- - Wednesday, December 26, 2012


By John Updike
Edited by Christopher Carduff
Alfred A. Knopf, $45, 204 pages

Reading reviews of art exhibitions in distant metropolises can evoke envy for pleasures and excitements that are impossible to share because the locations are too far away. So a collection of exhibition reviews could seem frustrating rather than enticing, especially when the once-assembled pictures have returned to their homes. But it’s excitement rather than frustration that seizes the reader of “Always Looking: Essays on Art” by the late John Updike because these reviews are so intelligent, well-informed and beautifully written.

Most focus on exhibitions in New York and Massachusetts. The first, however, derives from the Jefferson Lecture in the Humanities delivered in Washington, D.C., in 2008. Called “The Clarity of Things,” it celebrates a collection of reproductions of 40 American paintings suitable for display in schools and libraries. “What is American about American art?” Updike asks.

He begins by considering John Singleton Copley, the Boston-born artist who soared above the static portraits of earlier American painters with pictures that highlighted sitters’ personalities and lingered over the textures of velvet coats and lacy satin gowns. Sir Joshua Reynolds praised Copley’s work, though noting “a little Hardness in the Drawing An over minuteness.” Similarly, the American Benjamin West said Copley’s “Boy With a Squirrel” was “too liney. there being too much neetness [sic] in the lines.”

Updike suggests that being “liney” comes from commitment to verisimilitude. The downside evident in early American paintings, including some of Copley’s, is flatness and lack of atmosphere. “They are, as it were, two-and-a-half dimensional,” he writes. Tracing lineyness in other American artists, including Thomas Eakins, Grant Wood and the early Winslow Homer, he shows how Homer later became more painterly. “We cannot but be conscious of the paint itself, of thick white dabbled and stabbed, swerved and smeared into place,” he writes of Homer’s “Undertow.” Defining its painterliness as the opposite of lineyness, he explains, “Thing and idea are merged in the synthesis of artistic representation.”

As his other essays make clear, Updike loves the exposed brush strokes, globs of paint and lightly sketched areas of painterly pictures.
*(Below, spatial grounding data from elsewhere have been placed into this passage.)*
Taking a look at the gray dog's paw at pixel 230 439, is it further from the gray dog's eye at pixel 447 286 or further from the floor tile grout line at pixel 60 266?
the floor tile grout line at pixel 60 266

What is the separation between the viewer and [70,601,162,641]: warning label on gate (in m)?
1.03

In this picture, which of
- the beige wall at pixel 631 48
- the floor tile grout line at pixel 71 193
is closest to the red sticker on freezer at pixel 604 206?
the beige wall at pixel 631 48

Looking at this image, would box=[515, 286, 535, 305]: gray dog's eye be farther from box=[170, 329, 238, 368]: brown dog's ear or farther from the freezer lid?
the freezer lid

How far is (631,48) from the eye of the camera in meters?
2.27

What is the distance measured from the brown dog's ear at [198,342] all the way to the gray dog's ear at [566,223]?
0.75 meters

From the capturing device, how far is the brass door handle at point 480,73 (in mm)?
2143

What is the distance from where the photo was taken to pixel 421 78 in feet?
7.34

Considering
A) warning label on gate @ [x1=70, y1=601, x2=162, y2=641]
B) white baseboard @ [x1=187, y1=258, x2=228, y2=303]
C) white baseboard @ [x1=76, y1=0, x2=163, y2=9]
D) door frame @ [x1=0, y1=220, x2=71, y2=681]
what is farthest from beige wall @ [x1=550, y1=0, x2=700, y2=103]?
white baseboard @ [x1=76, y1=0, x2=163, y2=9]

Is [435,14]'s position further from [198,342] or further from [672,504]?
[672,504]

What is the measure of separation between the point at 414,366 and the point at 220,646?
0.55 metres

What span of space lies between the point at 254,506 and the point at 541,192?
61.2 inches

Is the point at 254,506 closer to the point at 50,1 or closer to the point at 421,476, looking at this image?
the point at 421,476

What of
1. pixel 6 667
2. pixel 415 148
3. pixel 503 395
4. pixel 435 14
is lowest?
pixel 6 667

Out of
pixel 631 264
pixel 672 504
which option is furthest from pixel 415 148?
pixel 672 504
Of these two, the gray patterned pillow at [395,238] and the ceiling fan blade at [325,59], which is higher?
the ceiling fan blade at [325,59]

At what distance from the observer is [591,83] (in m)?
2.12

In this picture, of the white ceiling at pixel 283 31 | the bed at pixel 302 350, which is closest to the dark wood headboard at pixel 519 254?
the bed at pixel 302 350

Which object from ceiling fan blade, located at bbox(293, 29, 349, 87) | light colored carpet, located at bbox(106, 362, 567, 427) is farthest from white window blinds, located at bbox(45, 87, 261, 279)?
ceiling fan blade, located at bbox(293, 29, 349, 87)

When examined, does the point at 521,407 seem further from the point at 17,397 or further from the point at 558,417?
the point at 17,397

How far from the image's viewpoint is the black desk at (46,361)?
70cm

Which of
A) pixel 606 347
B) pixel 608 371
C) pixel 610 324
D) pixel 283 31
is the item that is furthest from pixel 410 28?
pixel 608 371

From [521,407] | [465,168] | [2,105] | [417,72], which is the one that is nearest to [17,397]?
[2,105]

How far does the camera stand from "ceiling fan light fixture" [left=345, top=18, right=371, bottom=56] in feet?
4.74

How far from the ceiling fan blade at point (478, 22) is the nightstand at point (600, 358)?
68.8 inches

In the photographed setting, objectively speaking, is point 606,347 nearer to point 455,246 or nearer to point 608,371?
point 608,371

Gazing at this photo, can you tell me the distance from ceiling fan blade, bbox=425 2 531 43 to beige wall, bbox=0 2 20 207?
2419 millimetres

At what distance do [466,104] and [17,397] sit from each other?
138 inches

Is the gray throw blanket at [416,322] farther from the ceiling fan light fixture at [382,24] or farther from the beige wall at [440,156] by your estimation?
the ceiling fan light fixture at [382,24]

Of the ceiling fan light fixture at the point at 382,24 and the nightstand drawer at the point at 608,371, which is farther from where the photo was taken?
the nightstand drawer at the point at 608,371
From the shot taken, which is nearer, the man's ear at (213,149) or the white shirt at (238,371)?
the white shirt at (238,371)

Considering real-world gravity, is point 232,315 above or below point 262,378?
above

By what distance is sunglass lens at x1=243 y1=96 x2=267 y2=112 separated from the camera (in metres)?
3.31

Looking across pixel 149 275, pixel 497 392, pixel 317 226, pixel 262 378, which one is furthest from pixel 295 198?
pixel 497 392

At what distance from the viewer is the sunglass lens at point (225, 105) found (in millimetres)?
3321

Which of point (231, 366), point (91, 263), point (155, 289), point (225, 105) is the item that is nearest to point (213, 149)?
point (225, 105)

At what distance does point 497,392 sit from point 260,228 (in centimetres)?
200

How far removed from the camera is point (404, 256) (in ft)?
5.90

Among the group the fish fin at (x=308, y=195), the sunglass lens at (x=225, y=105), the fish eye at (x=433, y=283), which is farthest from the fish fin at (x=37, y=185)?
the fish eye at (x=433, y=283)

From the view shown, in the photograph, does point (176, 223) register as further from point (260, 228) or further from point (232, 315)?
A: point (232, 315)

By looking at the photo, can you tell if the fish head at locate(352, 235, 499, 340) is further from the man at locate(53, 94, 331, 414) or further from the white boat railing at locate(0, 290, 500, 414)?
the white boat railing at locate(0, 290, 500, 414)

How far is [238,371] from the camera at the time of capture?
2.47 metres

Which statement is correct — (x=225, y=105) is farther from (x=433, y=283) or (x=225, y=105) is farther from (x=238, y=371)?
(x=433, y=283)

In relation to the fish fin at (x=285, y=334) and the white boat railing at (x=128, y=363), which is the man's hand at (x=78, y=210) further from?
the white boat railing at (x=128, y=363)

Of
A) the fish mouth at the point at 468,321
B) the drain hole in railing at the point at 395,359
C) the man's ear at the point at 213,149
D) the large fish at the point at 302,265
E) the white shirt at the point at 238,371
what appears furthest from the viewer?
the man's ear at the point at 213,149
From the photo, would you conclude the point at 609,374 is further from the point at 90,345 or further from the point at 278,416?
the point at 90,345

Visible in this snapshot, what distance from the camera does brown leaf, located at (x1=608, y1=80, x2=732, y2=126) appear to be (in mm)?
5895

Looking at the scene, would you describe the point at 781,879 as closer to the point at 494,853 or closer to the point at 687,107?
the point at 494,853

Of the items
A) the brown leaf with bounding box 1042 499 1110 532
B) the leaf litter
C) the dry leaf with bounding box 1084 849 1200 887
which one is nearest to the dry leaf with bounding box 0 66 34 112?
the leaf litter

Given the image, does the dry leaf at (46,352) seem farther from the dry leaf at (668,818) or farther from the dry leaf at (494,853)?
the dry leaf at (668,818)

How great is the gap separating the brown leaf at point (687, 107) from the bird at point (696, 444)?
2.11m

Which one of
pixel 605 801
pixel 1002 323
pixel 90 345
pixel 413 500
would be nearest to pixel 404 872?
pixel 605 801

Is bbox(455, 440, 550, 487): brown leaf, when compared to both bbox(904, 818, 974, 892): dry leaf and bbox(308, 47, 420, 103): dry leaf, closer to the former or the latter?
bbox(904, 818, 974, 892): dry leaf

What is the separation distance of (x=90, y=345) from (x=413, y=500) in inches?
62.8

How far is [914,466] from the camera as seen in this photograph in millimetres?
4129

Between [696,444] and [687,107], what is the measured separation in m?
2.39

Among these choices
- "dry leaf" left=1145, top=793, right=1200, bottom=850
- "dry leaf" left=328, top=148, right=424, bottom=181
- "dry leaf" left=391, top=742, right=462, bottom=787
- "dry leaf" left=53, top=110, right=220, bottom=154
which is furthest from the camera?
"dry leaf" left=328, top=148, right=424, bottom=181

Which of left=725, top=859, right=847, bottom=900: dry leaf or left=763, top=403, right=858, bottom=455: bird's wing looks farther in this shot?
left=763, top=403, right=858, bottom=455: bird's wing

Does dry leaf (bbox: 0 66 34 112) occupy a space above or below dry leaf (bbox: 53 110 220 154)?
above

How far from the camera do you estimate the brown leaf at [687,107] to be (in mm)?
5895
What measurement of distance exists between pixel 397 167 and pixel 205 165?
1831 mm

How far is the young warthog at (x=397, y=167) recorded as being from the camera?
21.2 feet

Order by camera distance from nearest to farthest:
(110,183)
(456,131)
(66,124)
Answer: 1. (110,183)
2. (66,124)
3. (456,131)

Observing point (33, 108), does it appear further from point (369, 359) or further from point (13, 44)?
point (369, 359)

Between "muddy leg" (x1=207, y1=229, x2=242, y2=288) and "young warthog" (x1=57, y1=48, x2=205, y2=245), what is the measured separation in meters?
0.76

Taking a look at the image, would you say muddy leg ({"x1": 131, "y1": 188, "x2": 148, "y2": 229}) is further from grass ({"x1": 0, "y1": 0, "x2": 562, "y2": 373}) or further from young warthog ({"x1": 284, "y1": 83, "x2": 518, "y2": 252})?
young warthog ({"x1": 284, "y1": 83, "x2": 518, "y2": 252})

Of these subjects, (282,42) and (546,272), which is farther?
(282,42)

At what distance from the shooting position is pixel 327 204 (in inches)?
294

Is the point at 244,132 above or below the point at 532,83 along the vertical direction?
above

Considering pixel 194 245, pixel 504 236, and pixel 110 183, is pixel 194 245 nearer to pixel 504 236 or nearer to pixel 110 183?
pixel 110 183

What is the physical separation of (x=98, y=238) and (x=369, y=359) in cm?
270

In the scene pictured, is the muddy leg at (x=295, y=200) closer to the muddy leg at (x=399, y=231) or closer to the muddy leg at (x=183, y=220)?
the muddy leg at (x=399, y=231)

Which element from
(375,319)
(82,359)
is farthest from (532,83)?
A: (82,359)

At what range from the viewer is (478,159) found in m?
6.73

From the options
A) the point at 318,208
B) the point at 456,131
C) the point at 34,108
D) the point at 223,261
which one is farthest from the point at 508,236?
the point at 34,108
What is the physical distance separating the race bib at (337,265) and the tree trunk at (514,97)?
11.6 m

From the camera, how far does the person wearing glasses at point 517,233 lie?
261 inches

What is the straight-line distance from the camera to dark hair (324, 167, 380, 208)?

Equally he admires the skills of the classically trained. Gustav Klimt’s drawings reveal his “dark secret,” he writes, adding that Klimt “was a superb draughtsman in the academic manner, a master of its most rigorous requirements.” Conversely, he demurs from the general admiration of Klimt’s golden 1907 “Portrait of Adele Bloch-Bauer,” asking, “Does its subject’s lush, heavy-lipped, dark-browed, green-eyed face, beneath a black blob of hair and rather anxiously wrung pair of skinny pale hands, really mesh with the astonishing efflorescence of perspective-free patterns — eyes, spirals, squares, streaks, and splotches Or does she look like a decal stuck onto a collage of tinselly wrapping paper?”

Such questioning — rather than outright attack — is typical of Updike’s approach. After graduating from Harvard, he spent a year studying art at the Ruskin School in Oxford. That training is evident in his well-informed, discriminating and affectionate commentary. So are the interests and talents that made him turn his hand from graphic art to fiction. He often describes painters and others with a novelist’s eye.

Noting the William Orpen portraits of Sterling Clark and his brother Stephen, he writes, “Sterling in a high collar and dark suit, looks upright, prim, stern, and stuffy, whereas Stephen, slouching with a cigarette in hand, his seamed face half in shadow, appears somewhat louche and shifty. In fact, it was the other way around.”

The description of the dutiful Stephen and the adventurous Sterling draws readers into their history as collectors. Perhaps Sterling’s latent primness comes out in his refined taste for what he called “fancy pictures,” while Stephen’s louchness expressed itself in his greater enthusiasm for the up-to-date. Whatever the case, in Updike’s hands they become archetypes of rival brothers — yet the reader never loses sight of their paintings assembled in the 2006 exhibition “The Clark Brothers Collect” at the Sterling and Francine Art Institute in Williamstown, Mass.

While the talents of the novelist and the would-be artist fuel these essays, their shape and luster display Updike’s lithe prose and masterly expository skills. Most of them are models of the essayist’s art. Most of them also entice readers by, in effect, taking them by the hand and leading them through the exhibitions room by room. Often we are aware of the very gallery, as when we trace the downward helix of the Guggenheim as Updike walks its Roy Lichtenstein exhibition. Similarly, his discussion of Claes Oldenburg’s “Clothespin” in “A Case of Monumentality” takes into account the context of the Art Institute of Chicago’s Doric gallery. The effect is to console us for exhibitions that have passed, and not least because of the lavish illustrations that add to the delights of this volume.

Claire Hopley is a writer and editor in Amherst, Mass.